I just disvovered spring-devtools to restart the application when a class file changes.
To trigger the restart i setup IntelliJ like this:
Whenever I change a .java file and hit Strg-S for save, the file gets compiled by IntelliJ and Spring Boot restarts within a few seconds. The .class file is compiled to the build/ directory and not the default out/ directory of IntelliJ. This is correct because of gradle. That's fine and it works as expected.
But it does not work with properties files. I have a message.properties file and a ReloadableResourceBundleMessageSource in my Spring Boot Application. I want this file to be reloaded, too.
Whenever I change the messages.properties file and save it, the file gets copied to out/ directory instead of the build/ directory. In the build/ directory it can't get picked up.
It is not picked up by devtools restart mechanism (which could/might be disabled for these files with spring.devtools.restart.exclude)
But it is not picked up by ReloadableResourceBundleMessageSource either as the classpath is -classpath [...]/build/classes/java/main:[...]/build/resources/main
How do I tell IntelliJ to respect the gradle build Directory for resource files?
We are using AspectJ compile-time-weaving
(ctw). But the IntelliJ auto-compile mechanism does not take into account our gradle aspectj configuration. So sometimes the compilation is just wrong. This happens if you have a @Transactional or @Async annotation. This is quite annoying.
If the compilation takes some more time, the application restarts already and restarts again as it detects new changes afterwards. this could be solved with a trigger-file with devtools. But you can't configure IntelliJ to touch a trigger file after compiling.
How to solve these problems?
I found a good solution for this problem I would like to share:
We want to achieve proper compilation and fast reload times with devtools (without jrebel). Proper compilation includes aspectj compile time weaving (ctw) which is something that the internal IntelliJ compile does not handle.
So automatic compilation was not an option for us. What we are using instead is gradle continuous build
import java.time.Instant
tasks.register('compileTrigger') {
dependsOn tasks.compileJava
onlyIf {
!compileJava.state.upToDate
}
doLast {
def file = new File(projectDir, "build/classes/java/main/.reloadTrigger");
file.createNewFile();
file.setLastModified(Instant.now().toEpochMilli())
}
}
tasks.register('continuous-build') {
getProject()
.getRootProject()
.getSubprojects()
.findAll { (it.name != project.name) }
.forEach {
it.tasks.configureEach {
enabled = false
}
}
dependsOn tasks.processResources, tasks.compileTrigger, tasks.processTestResources, tasks.compileTestJava
}
We decided to use a trigger file because otherwise the application restarts to early if more work is done.

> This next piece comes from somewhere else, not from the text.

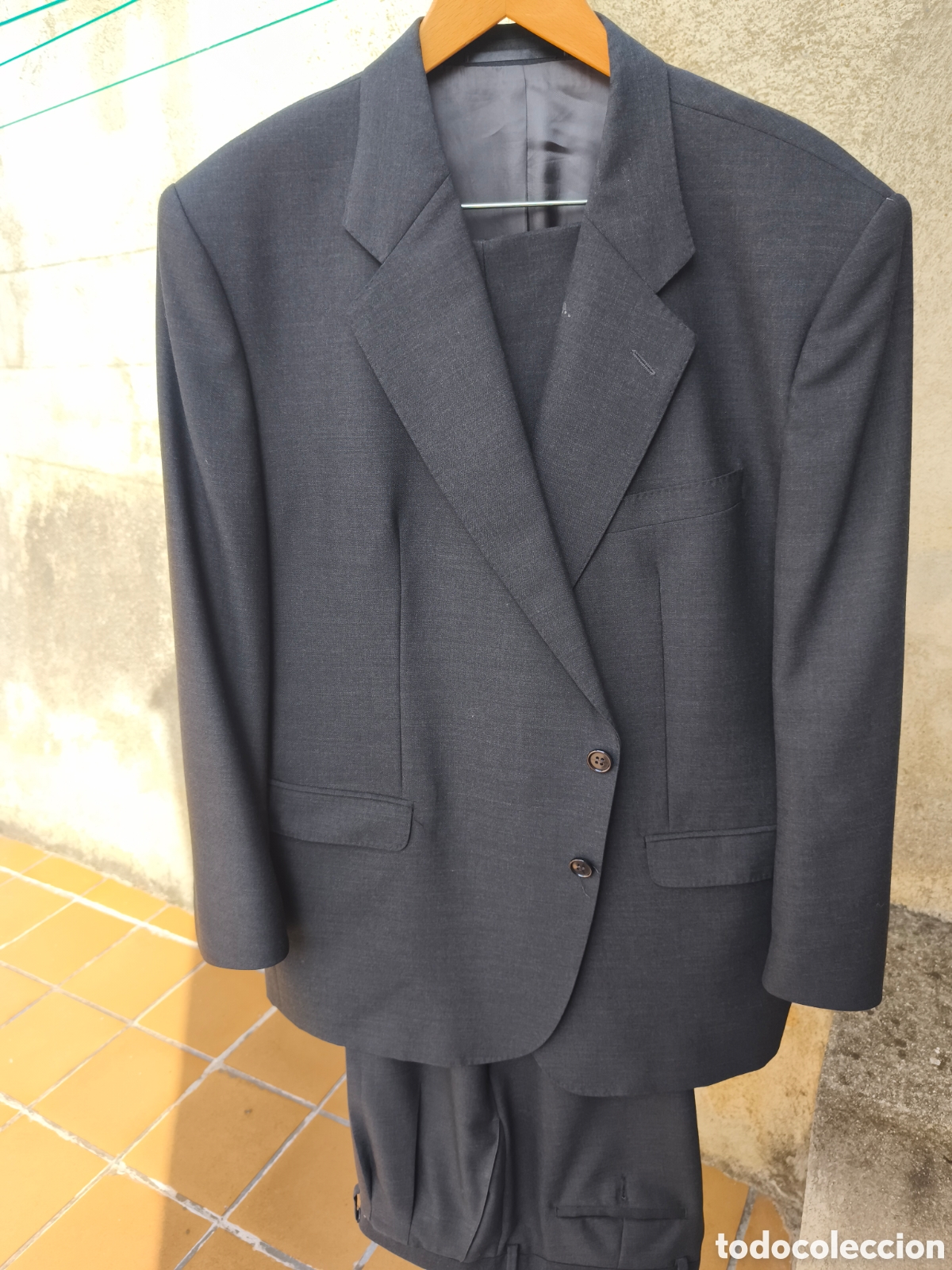 Vintage: Traje impecable, gris marengo - Foto 6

We decided to exclude all other modules as these have their own reload mechanisms (npm, vue, vite etc). your mileage may vary.

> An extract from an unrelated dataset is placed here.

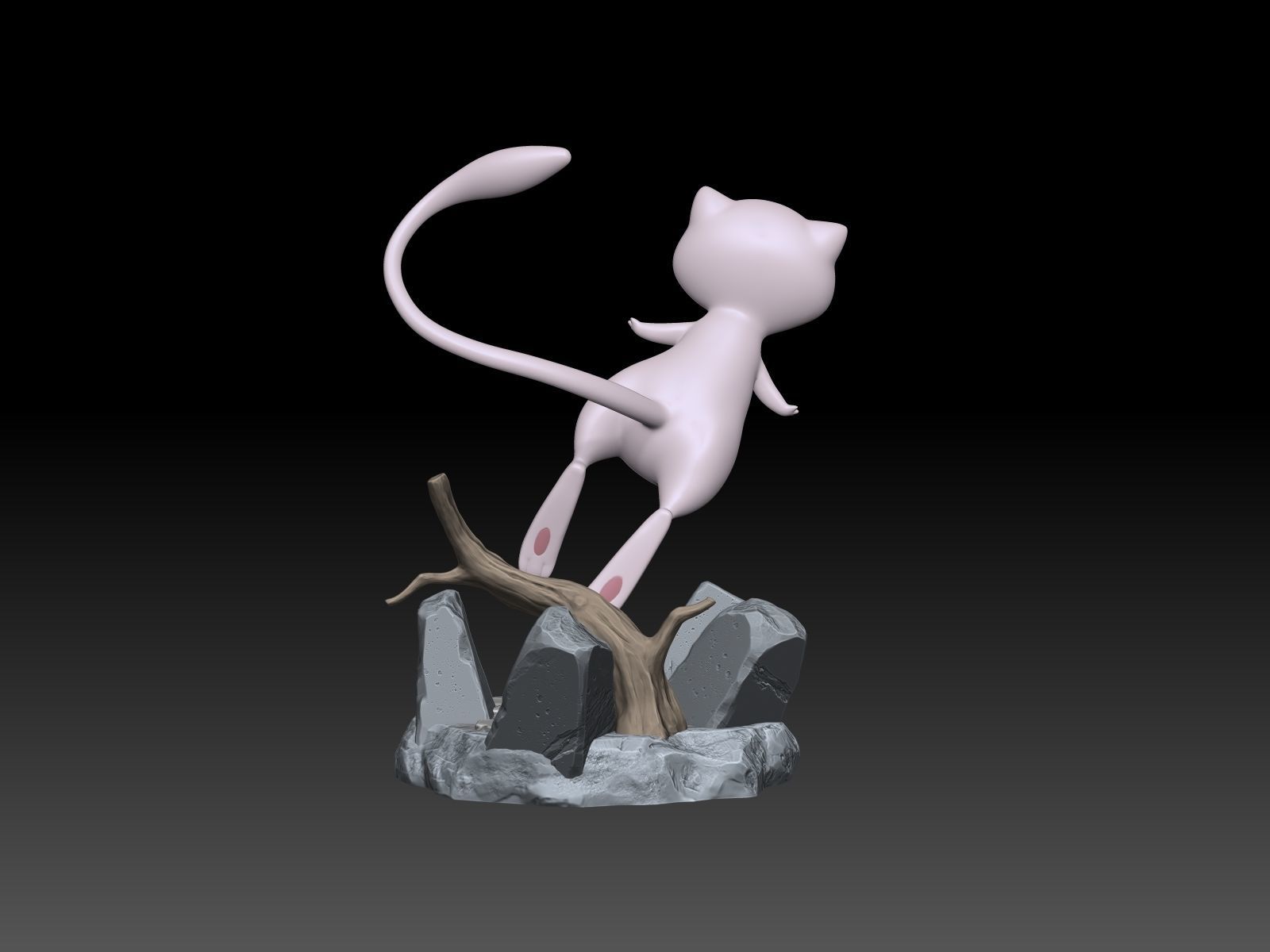 Pokemon Mew 3D Print model 3D print model_9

We only add a trigger file if compileJava
was running. All files from process-resources gets picked up by Spring boot automatically if configured properly.
Add to build.gradle
dependencies {
developmentOnly("org.springframework.boot:spring-boot-devtools")
}
Adding to application-development.properties:
spring.devtools.restart.trigger-file=.reloadTrigger
spring.devtools.restart.poll-interval=400ms
spring.devtools.restart.quiet-period=1ms
poll-interval
and quiet-period
are not needed but they save some time (1sec). It would be nice if devtools uses a file watcher and not a polling algorithm.
So we disable all automatic build (which is the default in IntelliJ anyway). But check this options as otherwise gradle and IntelliJ are building at the same time.

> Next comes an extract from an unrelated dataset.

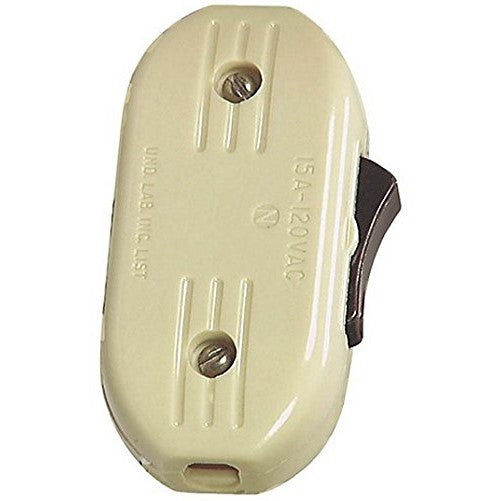 Heavy Duty Cord Switch, Ivory
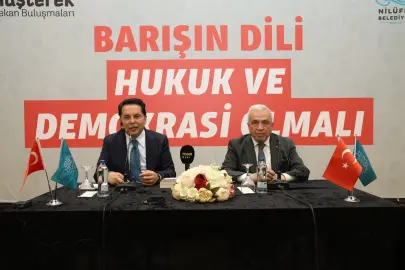 Bursa Nilüfer’de demokrasi ve barış buluşması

Edit your Spring Boot Run Configuration and go to "Modify options" and activate "Do not build before run". As building is done by continuous gradle, it is important to disable it here.
We are adding a Gradle "Run Configuration" in IntelliJ to easily start our continuous build.
<component name="ProjectRunConfigurationManager">
<configuration default="false" name="continous-build" type="GradleRunConfiguration" factoryName="Gradle">
<ExternalSystemSettings>
<option name="executionName" />
<option name="externalProjectPath" value="$PROJECT_DIR$" />
<option name="externalSystemIdString" value="GRADLE" />
<option name="scriptParameters" value="--continuous" />
<option name="taskDescriptions">
<list />
</option>
<option name="taskNames">
<list>
<option value="continuous-build" />
</list>
</option>
<option name="vmOptions" />
</ExternalSystemSettings>
<ExternalSystemDebugServerProcess>true</ExternalSystemDebugServerProcess>
<ExternalSystemReattachDebugProcess>true</ExternalSystemReattachDebugProcess>
<DebugAllEnabled>false</DebugAllEnabled>
<RunAsTest>false</RunAsTest>
<method v="2" />
</configuration>
</component>
Now we are able to start a continuous build in IntelliJ.
Add a Compound Run Configuration adding gradle and spring-boot run configuration, name it "build-and-run"
Open IntelliJ, start "build-and-run" and everything gets compiled and reloaded automatically.
We saved a lot of time with this setup.